Your Beer is not "Delicious," nor is it "Amazing."

Some perfectly good uses of "Delicious" from the OED

I have a serious problem with the ever-presence of "delicious" and "amazing" in commercials, emails, social updates, and even conversations.  I would rant at you, but these texts messages might explain better.

Saturday, February 18.  Robyn and Erica discuss words, croissants, etc. 

R: Haha. I think [croissants] are about equal parts butter and flour.

E: Mostly. And delicious.  Don't you hate that word? 

R: I do hate delicious as applied to food and especially drink.  It was just gross sounding at first, but now people say it constantly so it's even worse.

E: Speaking of bad words, parry gripp, lead singer of nerfherder has reinvented himself and has a song called nom nom nom nom nom nom. Disgusting.

R: That is sick.  I'm also tired of people saying everything is "amazing."  It's like the educated person's cool word.  If something is "amazing," it better be goddamn good.

E: People don't know how to describe anything anymore. "these croissants are amazingly delicious!"

E: nom nom.

R: LOLOLOLOL!!!!!!     [This is hilarious to us because we NEVER use LOL in earnest.  Like, never.]

E: Haha!  Ewwwww.  This is a deliciously disgusting conversation.

R: Now that is a good use of delicious.  I like delicious air or a delicious morning.  Or Dean Martin: "Gosh your lips are...delicious!"

E: To me that line makes me picture him chewing on her lips.

R: Certainly.  But at least he isn't nomming on a delicious beer.

E: I guess I can only associate it with food.

R: I think people should use words that more precisely describe flavor.  Savory, sweet, aromatic, pungent...they've replaced them all with one word.

E: Ugh. True.  I'm so glad you have superb word taste.

R: I want to blog our conversation.  I was on the verge of writing about both delicious and amazing and this about covers it.

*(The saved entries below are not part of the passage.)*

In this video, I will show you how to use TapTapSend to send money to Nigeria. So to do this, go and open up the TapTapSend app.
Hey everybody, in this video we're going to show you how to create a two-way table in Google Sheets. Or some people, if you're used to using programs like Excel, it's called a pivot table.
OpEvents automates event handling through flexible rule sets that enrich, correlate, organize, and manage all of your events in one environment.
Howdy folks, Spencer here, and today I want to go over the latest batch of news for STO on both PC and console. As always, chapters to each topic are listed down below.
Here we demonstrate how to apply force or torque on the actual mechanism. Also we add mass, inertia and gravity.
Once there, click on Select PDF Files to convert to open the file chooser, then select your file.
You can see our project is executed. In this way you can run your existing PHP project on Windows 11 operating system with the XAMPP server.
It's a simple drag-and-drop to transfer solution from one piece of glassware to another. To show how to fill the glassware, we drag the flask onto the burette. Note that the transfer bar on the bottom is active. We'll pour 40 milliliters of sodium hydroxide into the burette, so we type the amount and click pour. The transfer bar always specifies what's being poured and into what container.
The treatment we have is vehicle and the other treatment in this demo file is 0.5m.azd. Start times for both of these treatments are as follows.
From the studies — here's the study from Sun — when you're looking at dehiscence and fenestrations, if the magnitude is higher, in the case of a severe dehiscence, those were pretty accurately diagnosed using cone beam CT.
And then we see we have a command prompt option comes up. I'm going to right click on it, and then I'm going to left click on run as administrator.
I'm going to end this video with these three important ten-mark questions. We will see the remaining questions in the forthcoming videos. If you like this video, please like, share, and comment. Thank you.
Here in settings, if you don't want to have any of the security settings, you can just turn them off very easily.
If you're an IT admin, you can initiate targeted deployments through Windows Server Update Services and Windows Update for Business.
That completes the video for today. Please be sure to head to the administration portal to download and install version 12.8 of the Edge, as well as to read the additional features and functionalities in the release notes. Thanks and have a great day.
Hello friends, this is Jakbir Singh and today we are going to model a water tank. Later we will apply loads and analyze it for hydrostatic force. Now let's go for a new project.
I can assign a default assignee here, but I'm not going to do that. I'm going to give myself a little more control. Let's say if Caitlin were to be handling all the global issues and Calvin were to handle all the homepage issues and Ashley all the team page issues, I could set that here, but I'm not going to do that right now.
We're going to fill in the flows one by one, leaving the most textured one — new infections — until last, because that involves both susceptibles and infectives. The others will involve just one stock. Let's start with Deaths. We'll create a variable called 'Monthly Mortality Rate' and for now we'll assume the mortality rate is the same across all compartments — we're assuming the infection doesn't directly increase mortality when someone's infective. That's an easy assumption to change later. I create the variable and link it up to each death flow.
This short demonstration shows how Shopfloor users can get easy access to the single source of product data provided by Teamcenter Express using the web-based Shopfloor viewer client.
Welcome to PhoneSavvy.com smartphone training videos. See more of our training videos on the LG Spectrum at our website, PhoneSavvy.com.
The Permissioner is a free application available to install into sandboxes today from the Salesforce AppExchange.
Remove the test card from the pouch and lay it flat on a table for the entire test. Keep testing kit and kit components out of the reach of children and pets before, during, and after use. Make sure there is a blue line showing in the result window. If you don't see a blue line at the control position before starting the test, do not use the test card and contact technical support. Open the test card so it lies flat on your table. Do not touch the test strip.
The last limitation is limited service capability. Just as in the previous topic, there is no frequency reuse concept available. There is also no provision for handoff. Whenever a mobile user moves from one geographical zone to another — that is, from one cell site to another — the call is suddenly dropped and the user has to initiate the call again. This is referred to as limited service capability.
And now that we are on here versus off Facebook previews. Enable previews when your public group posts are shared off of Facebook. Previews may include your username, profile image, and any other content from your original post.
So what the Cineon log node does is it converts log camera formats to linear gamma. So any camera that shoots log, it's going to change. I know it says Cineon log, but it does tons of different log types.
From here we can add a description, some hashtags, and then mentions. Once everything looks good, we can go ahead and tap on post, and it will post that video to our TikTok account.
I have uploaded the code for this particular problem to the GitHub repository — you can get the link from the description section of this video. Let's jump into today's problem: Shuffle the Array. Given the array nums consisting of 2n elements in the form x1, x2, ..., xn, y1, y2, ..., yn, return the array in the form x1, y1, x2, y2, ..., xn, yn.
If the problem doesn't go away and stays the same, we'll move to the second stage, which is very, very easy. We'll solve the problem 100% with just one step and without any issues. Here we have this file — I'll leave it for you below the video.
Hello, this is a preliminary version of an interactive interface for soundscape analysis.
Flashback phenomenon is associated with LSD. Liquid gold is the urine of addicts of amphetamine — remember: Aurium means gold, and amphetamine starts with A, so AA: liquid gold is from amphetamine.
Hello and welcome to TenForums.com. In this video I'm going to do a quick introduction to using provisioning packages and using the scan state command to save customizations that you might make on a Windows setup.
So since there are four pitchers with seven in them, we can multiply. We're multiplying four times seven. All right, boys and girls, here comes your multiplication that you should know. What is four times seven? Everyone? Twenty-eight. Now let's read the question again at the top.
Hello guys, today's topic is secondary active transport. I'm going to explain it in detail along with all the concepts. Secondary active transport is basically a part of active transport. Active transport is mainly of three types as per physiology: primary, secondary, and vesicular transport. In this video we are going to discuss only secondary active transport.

E: I was just thinking what a good conversation this is.  And I was going to describe my beer as definitively Midwestern with a cheap but not unattractive taste.  The wide mouth delivers its lackluster liquid languidly to my lips.

R: A perfect description.  I think you hit the nail on the head, that it is the power of description that people have lost.  Probably along with observation.

E: I know.

Erica knows.  Now go forth and use some good words.  Preferably ones that aren't vague.  And even more preferably, ones we haven't heard sixteen times today.


  1. Really? Using LOL is "hilarious?"

    Listen to this:

  2. Ha! The "amaaaazing" bit captures my sentiments exactly.

    As for hilarious, yes I truly mean it makes us guffaw if one of us writes LOL. It happens less than once a year, I'd estimate, so a well-timed LOL from someone who hates that "word" makes us actually laugh out loud.

    I haven't had this guy's experience with "hilarious." What I usually encounter, with much cringing, is "hystehhhrical" (said just like "hilaaaarious"). Hysterical does not mean "funny"! Gah!